Regarding XML Proposed Erratum 71 from Martin Duerst on 2001-06-14 (xml-editor@w3.org from April to June 2001)

From: Martin Duerst <duerst@w3.org>
Date: Thu, 14 Jun 2001 13:14:44 +0900
To: Francois Yergeau <FYergeau@alis.com>, pgrosso@arbortext.com
Cc: xml-editor@w3.org, w3c-xml-core-wg@w3.org, w3c-i18n-ig@w3.org, connolly@w3.org
Message-Id: <4.2.0.58.J.20010614122745.063017f0@sh.w3.mag.keio.ac.jp>

Dear XML core WG,

By chance, I just discovered Proposed Erratum 71:

http://www.w3.org/XML/Group/2000/10/proposed-xml10-2e-errata#PE71

It is true that this is a bit vague in not saying who is
responsible for the escaping, but this has been fixed by
PE 51/E4 to say that the XML processor is responsible:

http://www.w3.org/XML/Group/2000/10/proposed-xml10-2e-errata#PE51
http://www.w3.org/XML/xml-V10-2e-errata#E4

This mainly very clearly answered whether the escaping has
to be done by the creator of the document or by the recipient;
it is the recipient. This was already present in the first
edition of the XML Rec (see
http://www.w3.org/TR/1998/REC-xml-19980210#sec-external-ent),
it just got lost when the rules of how exactly to escape were
clarified (erratum 78
http://www.w3.org/XML/xml-19980210-errata#E78).
Erratum 78 is bogus only in the sense that it dropped some
important bit;  Erratum 78 together with the second edition
erratum 4 is not bogus at all.

However, PE71 seems to be more about details of what
happens on the receiver side. Somebody wrote:

 >>>>
 > When (and
 >only when) the string matching the SystemLiteral terminal in the language
 >is interpreted as a URI reference, it may need to be escaped before passing
 >it around the web.  But this part of XML 1.0 cannot be saying that the
 >SystemLiteral in the XML file cannot contain certain characters, and there
 >is no reason to be doing URI ref escaping before passing the string to the
 >catalog resolver.  The escaping talked about in 4.2.2 of XML 1.0 should
 >happen only when the final URI is determined (after catalog resolution
 >and/or absolutization) just before being "sent out" to the server.
 >>>>

This seems to imply that a system reference is only to be interpreted
as an URI in certain contexts, after various other processing steps.

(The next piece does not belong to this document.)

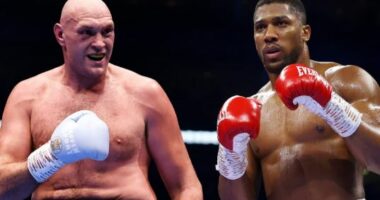 Zyrtarizohet “sfida e gjigandëve”/ Tyson Fury dhe Anthony Joshua ndeshen për herë të parë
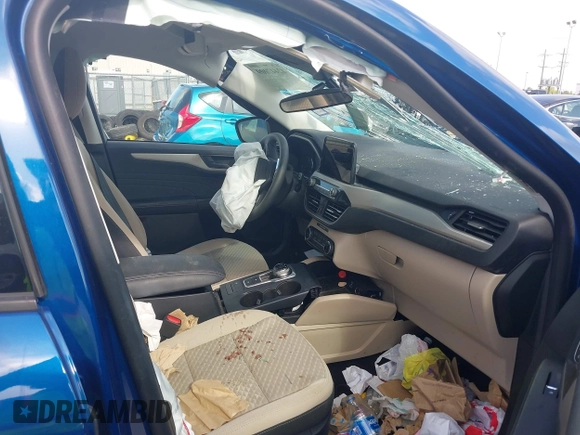 2022 Ford Escape SE Hybrid with VIN 1FMCU9BZ9NUA39229, listed as a IAAI auction lot 42447009 with 39,657 mi miles and . Bid and sale history available at DreamBid. Image 5.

This is definitely not how the XML Spec is written. In particular,
it says:

 >>>>
The SystemLiteral is called the entity's system identifier. It is a URI
reference (as defined in [IETF RFC 2396], updated by [IETF RFC 2732]),
meant to be dereferenced to obtain input for the XML processor to construct
the entity's replacement text.
 >>>>

This does not mean that catalogs cannot be used, but it means that
if catalogs are used, they are treated as part of URI reference resolution,
similar to HTTP caches and proxies, and so on.

This then brings us back to the question of whether system literals
have to be escaped before being checked in the catalog or not.
I see two possible interpretations:
1) The XML processor has to do escaping before resolution, and
    catalog lookup is part of resolution, so escaping is before
    catalog lookup. (strict reading)
2) If catalogs can handle arbitrary characters, then catalog lookup
    can do unescaping, and if catalog lookup is built into the XML
    processor or otherwise tightly coupled, this can be shortcut.
    (intentional reading)

Anyway, this looks very much like an implementation detail that
probably shouldn't affect the XML spec very much.

In actual practice, the main problem I expect is that while
catalogs may be well defined to handle characters such as
e.g. spaces, it would be really important to make sure that
they can handle all the Unicode characters allowed in XML
in a consistent and stable way. If somebody can point me to
the relevant spec, I'm glad to give it a check.
If arbitrary Unicode characters cannot be handled, then
I guess it would be better for the catalog spec to work
with fully escaped URIs, for consistency.

Regards,   Martin.

Received on Thursday, 14 June 2001 00:15:19 UTC